What to work on → Find every line in the records below that holds the word "album", and copy each one.
[[ Records for the exercise, beginning ]]
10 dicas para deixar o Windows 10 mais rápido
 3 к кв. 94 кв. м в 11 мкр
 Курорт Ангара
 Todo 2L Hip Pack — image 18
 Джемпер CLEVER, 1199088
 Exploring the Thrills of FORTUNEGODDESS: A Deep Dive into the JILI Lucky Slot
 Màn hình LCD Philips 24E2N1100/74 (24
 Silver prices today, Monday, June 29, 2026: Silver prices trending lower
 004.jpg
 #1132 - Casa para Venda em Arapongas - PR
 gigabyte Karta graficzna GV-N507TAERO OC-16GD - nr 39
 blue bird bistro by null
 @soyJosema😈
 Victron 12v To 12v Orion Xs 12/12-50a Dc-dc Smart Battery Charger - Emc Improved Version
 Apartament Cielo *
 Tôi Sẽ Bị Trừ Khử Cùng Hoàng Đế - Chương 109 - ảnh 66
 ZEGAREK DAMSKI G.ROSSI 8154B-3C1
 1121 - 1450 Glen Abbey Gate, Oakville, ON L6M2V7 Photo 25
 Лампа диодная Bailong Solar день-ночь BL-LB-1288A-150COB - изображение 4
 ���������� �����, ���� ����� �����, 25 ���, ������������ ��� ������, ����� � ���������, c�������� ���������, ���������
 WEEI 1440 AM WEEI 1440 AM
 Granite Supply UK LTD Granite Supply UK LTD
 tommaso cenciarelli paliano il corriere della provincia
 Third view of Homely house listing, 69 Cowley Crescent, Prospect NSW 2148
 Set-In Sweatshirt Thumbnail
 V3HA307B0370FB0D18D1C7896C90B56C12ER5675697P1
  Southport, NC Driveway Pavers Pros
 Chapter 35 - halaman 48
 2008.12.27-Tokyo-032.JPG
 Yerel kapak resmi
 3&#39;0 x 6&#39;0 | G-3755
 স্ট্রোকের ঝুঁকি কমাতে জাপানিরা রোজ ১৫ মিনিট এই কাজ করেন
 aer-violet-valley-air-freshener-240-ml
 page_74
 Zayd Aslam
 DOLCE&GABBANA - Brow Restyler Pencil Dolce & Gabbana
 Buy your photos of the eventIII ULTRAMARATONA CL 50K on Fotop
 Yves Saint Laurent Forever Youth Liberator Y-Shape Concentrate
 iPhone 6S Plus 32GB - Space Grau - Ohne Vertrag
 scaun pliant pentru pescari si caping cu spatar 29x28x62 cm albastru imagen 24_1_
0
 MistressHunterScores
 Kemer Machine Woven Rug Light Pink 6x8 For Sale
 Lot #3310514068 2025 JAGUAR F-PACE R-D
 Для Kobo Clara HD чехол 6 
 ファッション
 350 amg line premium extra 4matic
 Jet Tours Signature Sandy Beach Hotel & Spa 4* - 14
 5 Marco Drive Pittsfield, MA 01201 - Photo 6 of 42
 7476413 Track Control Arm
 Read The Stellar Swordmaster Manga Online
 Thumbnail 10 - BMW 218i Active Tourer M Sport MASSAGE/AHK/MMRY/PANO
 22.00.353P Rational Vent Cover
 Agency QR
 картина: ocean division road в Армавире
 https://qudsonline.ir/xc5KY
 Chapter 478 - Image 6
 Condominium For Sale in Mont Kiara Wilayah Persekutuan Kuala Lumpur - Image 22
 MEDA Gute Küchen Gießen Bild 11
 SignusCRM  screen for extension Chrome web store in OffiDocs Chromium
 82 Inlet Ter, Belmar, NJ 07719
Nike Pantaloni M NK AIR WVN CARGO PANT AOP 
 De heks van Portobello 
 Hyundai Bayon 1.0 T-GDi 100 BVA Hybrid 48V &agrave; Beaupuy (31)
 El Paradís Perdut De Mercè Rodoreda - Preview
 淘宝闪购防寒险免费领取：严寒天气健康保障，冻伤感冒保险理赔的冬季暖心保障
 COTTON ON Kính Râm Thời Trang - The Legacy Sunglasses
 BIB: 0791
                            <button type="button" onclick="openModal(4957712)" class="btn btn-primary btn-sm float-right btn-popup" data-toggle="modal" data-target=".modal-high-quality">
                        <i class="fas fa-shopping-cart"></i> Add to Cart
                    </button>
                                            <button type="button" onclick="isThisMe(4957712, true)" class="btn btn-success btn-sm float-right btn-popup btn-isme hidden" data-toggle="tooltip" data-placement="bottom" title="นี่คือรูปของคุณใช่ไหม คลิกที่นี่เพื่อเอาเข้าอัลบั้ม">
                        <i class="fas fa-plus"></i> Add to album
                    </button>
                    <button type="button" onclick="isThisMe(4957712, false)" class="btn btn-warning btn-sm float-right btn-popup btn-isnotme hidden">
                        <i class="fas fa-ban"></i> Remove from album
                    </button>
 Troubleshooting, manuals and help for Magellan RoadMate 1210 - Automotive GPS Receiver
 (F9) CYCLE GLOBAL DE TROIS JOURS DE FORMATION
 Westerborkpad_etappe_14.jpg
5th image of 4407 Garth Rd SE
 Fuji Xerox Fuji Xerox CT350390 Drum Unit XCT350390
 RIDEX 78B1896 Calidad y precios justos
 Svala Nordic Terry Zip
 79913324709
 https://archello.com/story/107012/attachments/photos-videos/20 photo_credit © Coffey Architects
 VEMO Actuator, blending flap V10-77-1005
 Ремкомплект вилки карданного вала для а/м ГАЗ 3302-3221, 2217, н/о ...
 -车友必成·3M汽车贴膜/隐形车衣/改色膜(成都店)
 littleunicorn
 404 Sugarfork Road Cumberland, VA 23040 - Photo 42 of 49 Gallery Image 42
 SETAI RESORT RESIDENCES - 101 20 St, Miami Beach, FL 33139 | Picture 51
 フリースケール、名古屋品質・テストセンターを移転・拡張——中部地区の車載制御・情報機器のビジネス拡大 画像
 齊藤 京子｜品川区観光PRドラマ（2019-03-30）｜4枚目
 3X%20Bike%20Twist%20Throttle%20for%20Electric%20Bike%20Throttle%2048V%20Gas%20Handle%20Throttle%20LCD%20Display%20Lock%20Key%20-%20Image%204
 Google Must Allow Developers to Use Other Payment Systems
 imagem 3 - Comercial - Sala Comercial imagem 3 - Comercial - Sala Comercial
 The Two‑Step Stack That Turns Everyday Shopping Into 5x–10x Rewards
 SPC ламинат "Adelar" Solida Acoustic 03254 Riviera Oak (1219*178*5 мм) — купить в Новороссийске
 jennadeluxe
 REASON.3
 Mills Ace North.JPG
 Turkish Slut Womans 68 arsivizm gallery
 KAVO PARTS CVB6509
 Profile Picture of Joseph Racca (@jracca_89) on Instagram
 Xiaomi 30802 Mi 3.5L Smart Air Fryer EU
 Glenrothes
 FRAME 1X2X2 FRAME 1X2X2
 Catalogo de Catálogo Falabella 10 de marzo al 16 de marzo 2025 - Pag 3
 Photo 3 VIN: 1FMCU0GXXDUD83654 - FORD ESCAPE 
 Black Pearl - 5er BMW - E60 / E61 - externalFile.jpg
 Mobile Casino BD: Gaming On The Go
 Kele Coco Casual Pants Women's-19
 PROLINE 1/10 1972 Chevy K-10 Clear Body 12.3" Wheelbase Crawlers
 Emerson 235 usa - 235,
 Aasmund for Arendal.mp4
[[ Records for the exercise, end ]]
Written answer →
                        <i class="fas fa-plus"></i> Add to album
                        <i class="fas fa-ban"></i> Remove from album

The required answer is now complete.